Short web captions

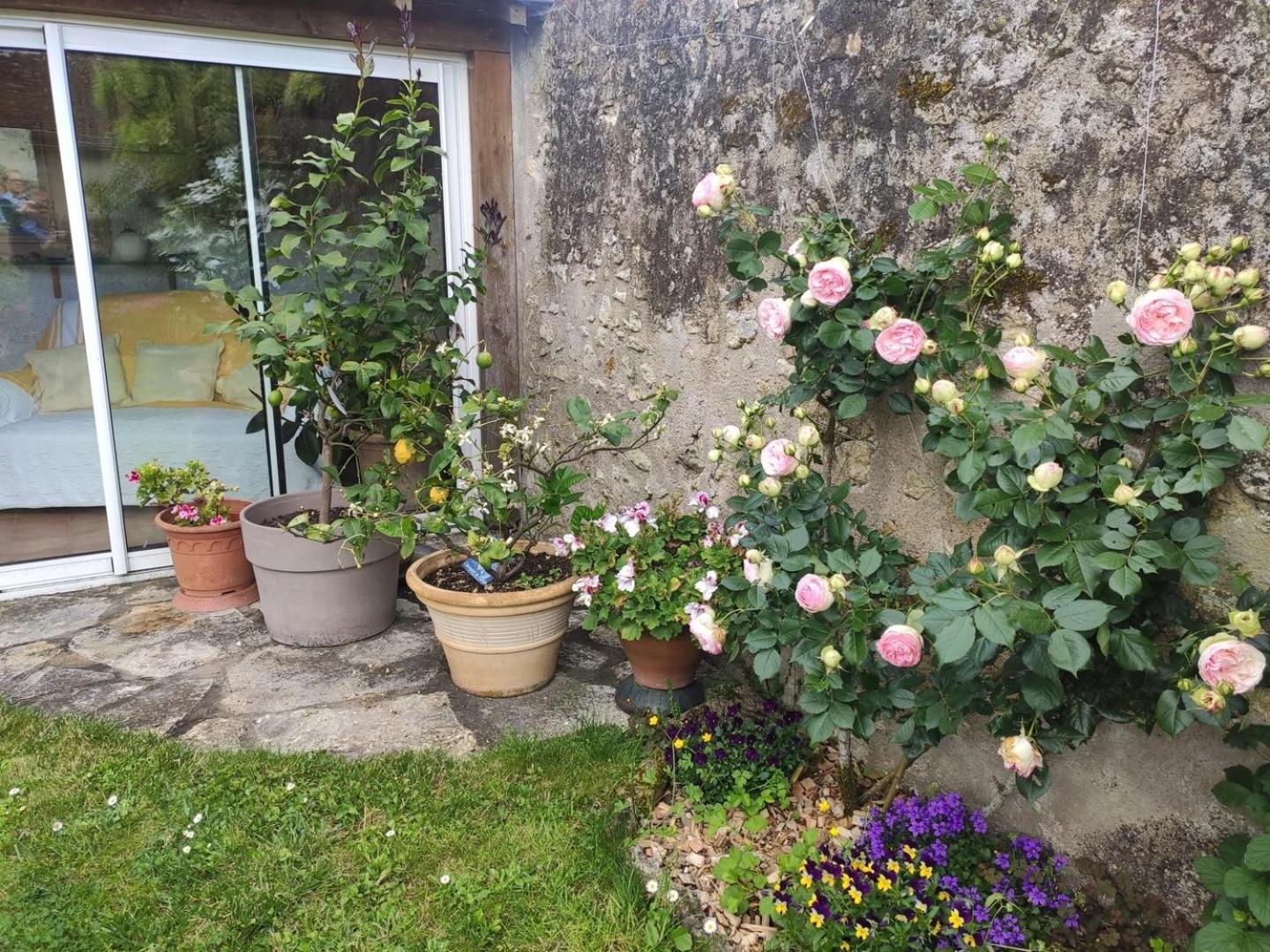 Le Relais De L'Ormeau - Charmant Gite Pour 4 Pers. Lussault-sur-Loire Kültér fotó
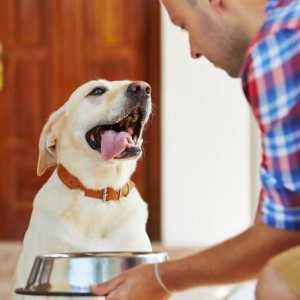 Kako odabrati konzerviranu hranu za pse. Savjeti i povratne informacije od uzgajivača pasa
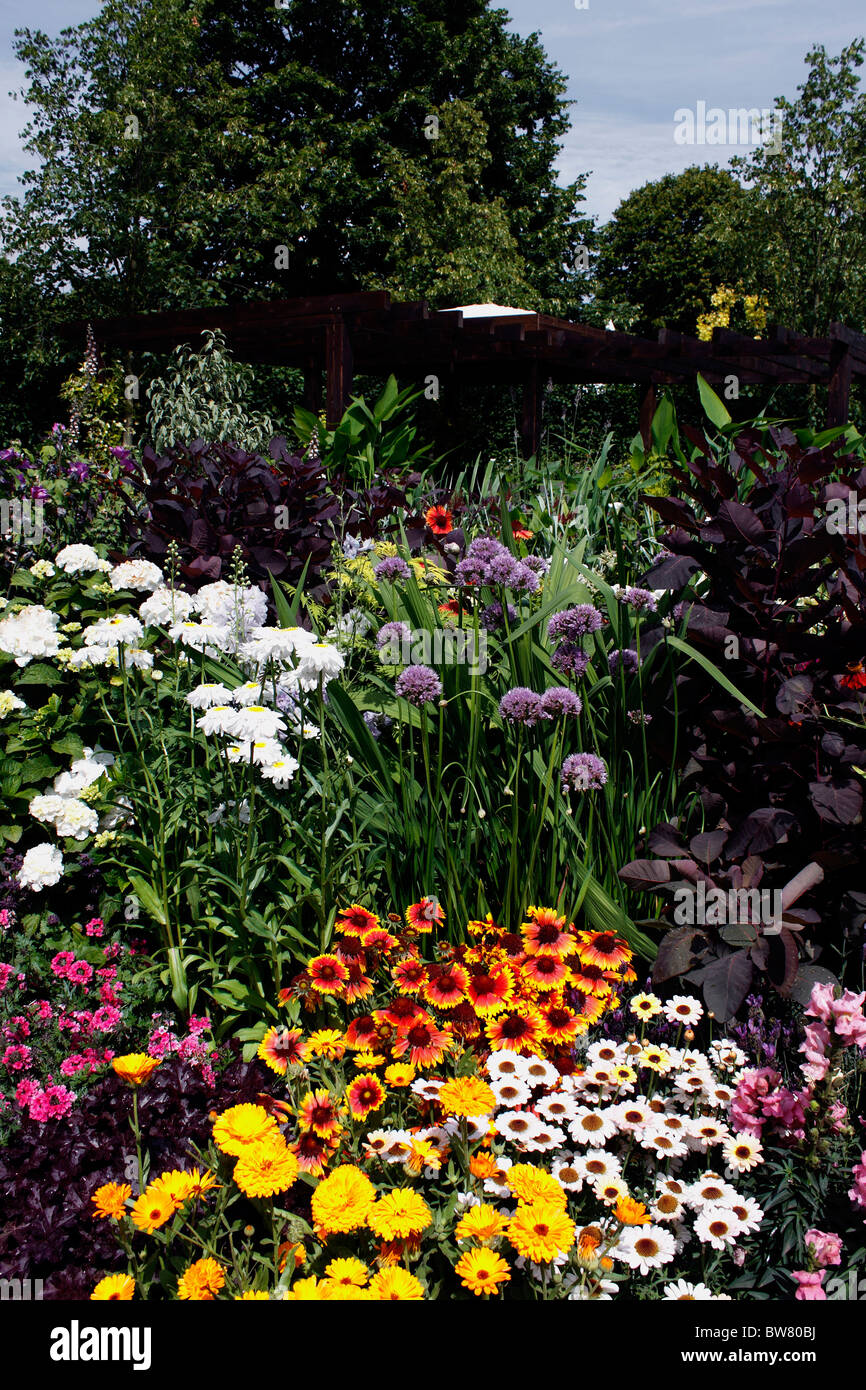 A COLOURFUL SUMMER FLOWER BORDER Stock Photo - Alamy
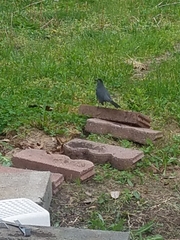 Dumetella carolinensis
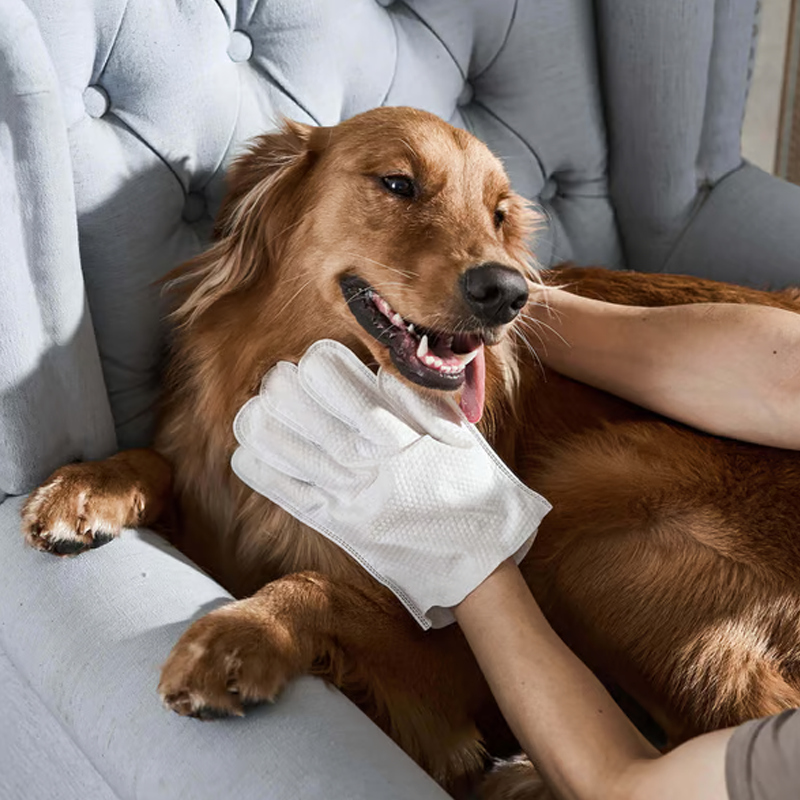 Gants Nettoyants et Désodorisants pour Animaux Sans Rinçage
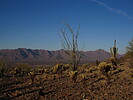 photo thumbnail #3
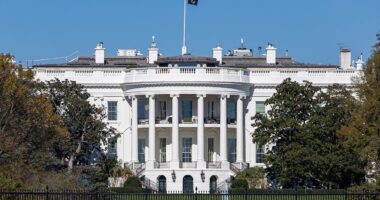 Woman arrested for attempting to climb fence outside White House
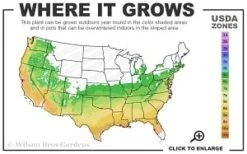 Black Mountain Bluestem Grass (Andropogon Ternarius) - 8 Pack Of 1 Gallon Pots -Botanica Tree Store 6a 9b thumbnail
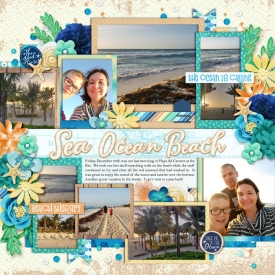 web_12-28-2018_BeachWalk-cs-palooza4-wendyp-oceans.jpg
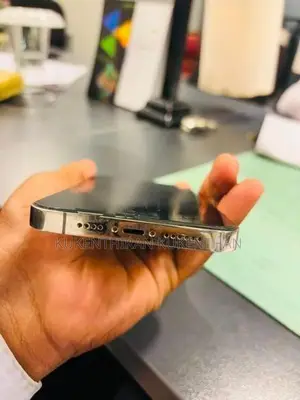 Apple iPhone 14 Pro Max (Used)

# [Task statement]
All lines after and including the one with "Gants Nettoyants et", through the end of the entries above, should be output exactly and by themselves. The pictures are to be left out.

# [Answer for this exercise]
 Gants Nettoyants et Désodorisants pour Animaux Sans Rinçage
 photo thumbnail #3
 Woman arrested for attempting to climb fence outside White House
 Black Mountain Bluestem Grass (Andropogon Ternarius) - 8 Pack Of 1 Gallon Pots -Botanica Tree Store 6a 9b thumbnail
 web_12-28-2018_BeachWalk-cs-palooza4-wendyp-oceans.jpg
 Apple iPhone 14 Pro Max (Used)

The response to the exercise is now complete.